Imagine receiving a phone call from your CEO. Perfect voice, urgent tone, request for an immediate wire transfer. Except it's not them. It's a deepfake audio generated by artificial intelligence. This is not science fiction: it's a real threat hitting businesses and individuals, growing exponentially. We at Meteora Web see it in the security projects we manage: AI fraud is the new favorite attack vector for cybercriminals. In this guide we will show you how to spot them and defend yourself, from awareness to operational tools.

How deepfakes work

A deepfake is audio, video, or text generated or manipulated by AI algorithms, especially Generative Adversarial Networks (GANs) or autoencoders. The AI learns from thousands of samples of a person (photos, videos, voice recordings) and creates new realistic sequences.
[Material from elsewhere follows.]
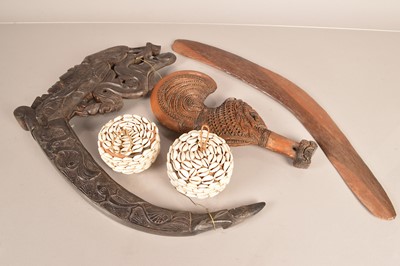 Lot 338 - A selection of South Pacific Island Tribal Items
Today the technology is so advanced that a well-made deepfake can fool even an experienced eye.

Types of deepfakes

  • Video deepfakes: face swapping or lip-syncing to make a person say things they never said.
  • Audio deepfakes: voice cloning used for fraudulent phone calls or fake voicemails.
  • Image deepfakes: photos of non-existent people (already used for fake profiles) or manipulated images.
  • Generated text: AI like ChatGPT can write personalized phishing emails, imitating a colleague's style.

Combining these vectors makes social engineering attacks extremely credible. Read more in our Social Engineering Pillar Guide.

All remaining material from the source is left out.